Malheureusement, il n’est pas possible d’utiliser un tel OS, car il utilise des IPID aléatoires...
# nmap -P0 -sI 10.8.98.99:80 10.8.98.98 Starting Nmap 4.62 ( http://nmap.org ) at 2010-02-11 16:01 CET Idle scan zombie 10.8.98.99 (10.8.98.99) port 80 cannot be used because IP ID sequencability class is: All zeros. Try another proxy. QUITTING!
Le résultat est sans appel. Impossible de réaliser l’idle scan, les IPID du voisin ne sont pas bons...
Nous avons donc vu comment réaliser un idle scan.
L’intérêt d’un tel scan est de ne pas être vu directement par la machine scannée.
Cela peut être intéressant pour être furtif, mais aussi pour voir si un filtrage différent est appliqué en fonction des adresses IP sources. Par exemple pour voir si le filtrage est le même pour ma machine que pour celle d’un administrateur réseau...
Pour tous les fans de scans, je vous invite à poursuivre ce tuto par la lecture de l’excellent site Nmap qui vous en dira plus sur les différentes méthodes de scan disponibles.
Conclusion
Nous venons de réaliser une attaque réseau relativement avancée, mais ce qu’il faut retenir est que nous n’aurions pas pu comprendre cette attaque sans avoir une vision précise et détaillée du fonctionnement du protocole IP.

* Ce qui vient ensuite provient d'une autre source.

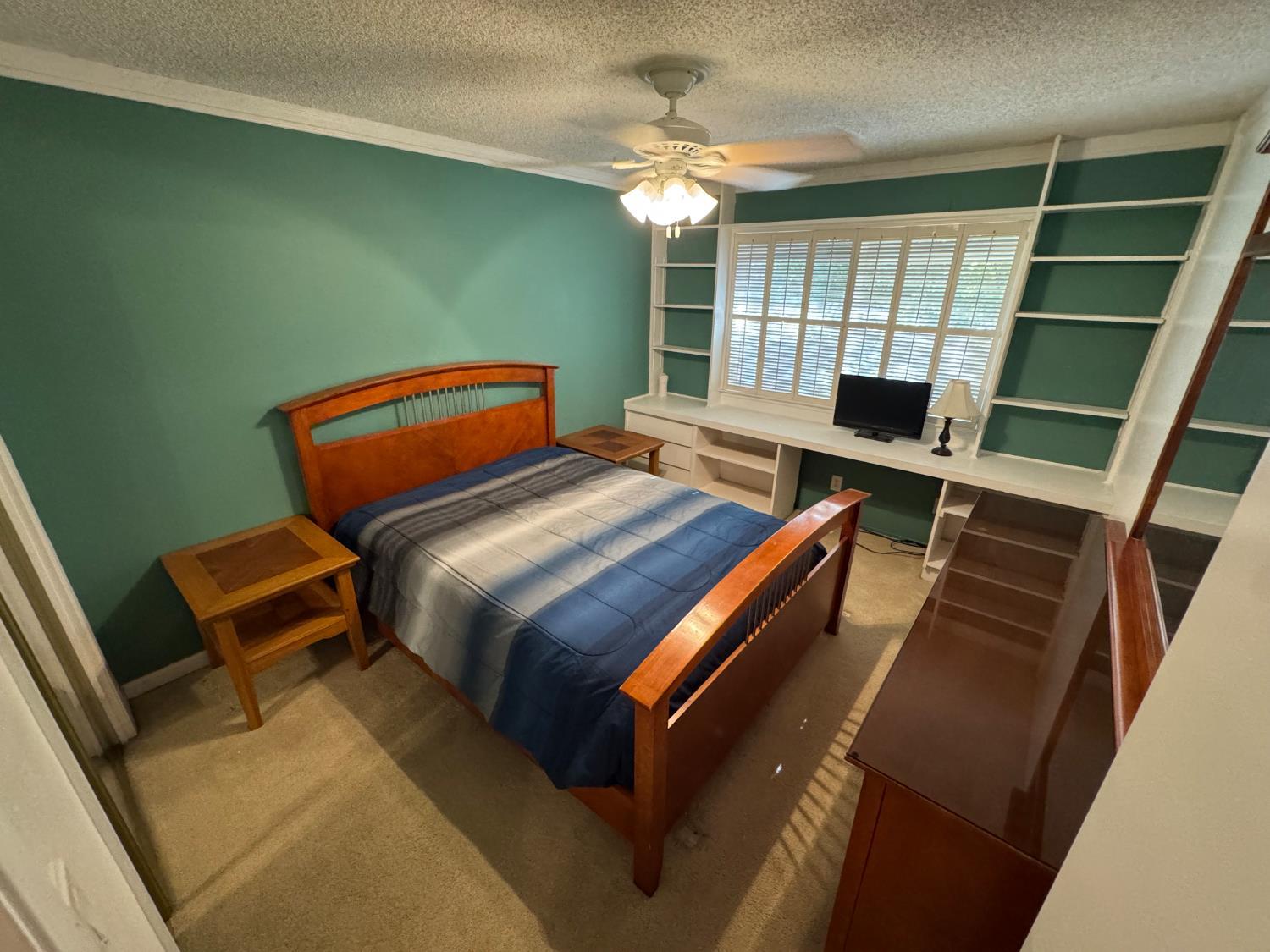 Fair Oaks, California, 95628, United States, 4 Bedrooms Bedrooms, ,3 BathroomsBathrooms,Residential,For Sale,1937140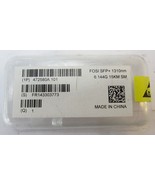 Fosi SFP+ 6.144Gb 15km 1310nm Transceiver 472580A.101 New - $29.85 CAD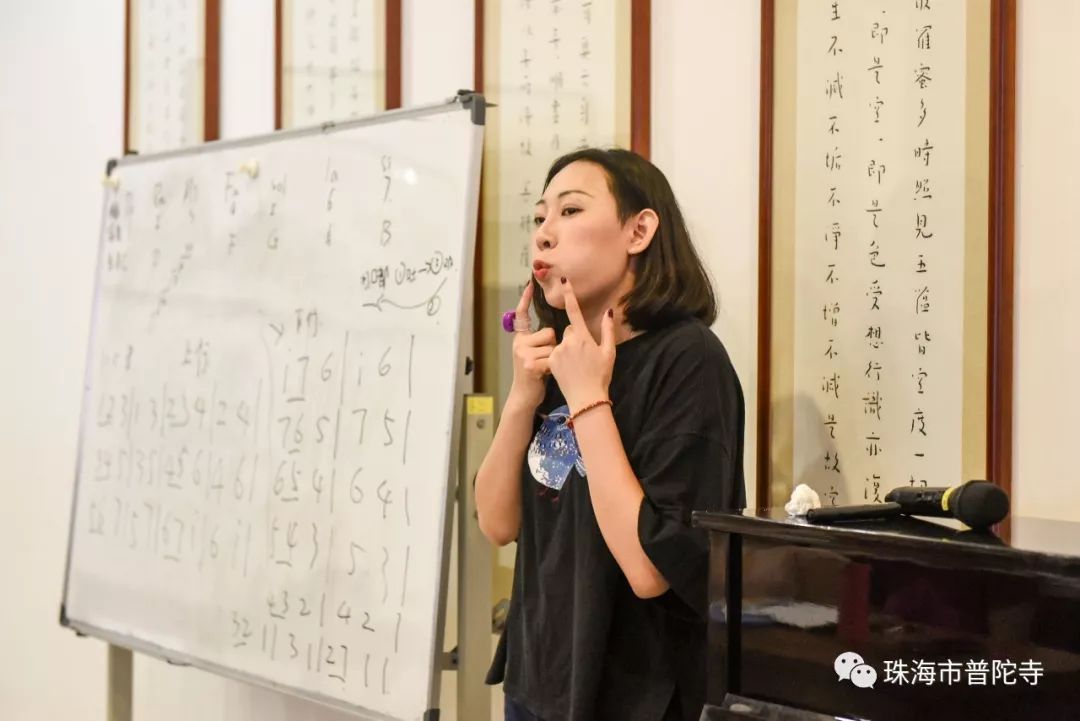 气息练习视频_气息训练的方法和技巧视频_练气息的视频教程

Certaines fonctionnalités des protocoles ne vous seront que très rarement utiles. Par contre, elles vous permettront de mieux comprendre le réseau dans sa globalité. Par ailleurs, si vous avez l’intention un jour de faire de la sécurité, il vous faudra connaître en détail les systèmes que vous allez étudier. Que ce soit en réseau, en systèmes, en programmation, ou dans tout domaine connexe à l’informatique.
Maintenant que nous connaissons en détail le fonctionnement du protocole IP, nous allons pouvoir étudier à son tour le protocole TCP.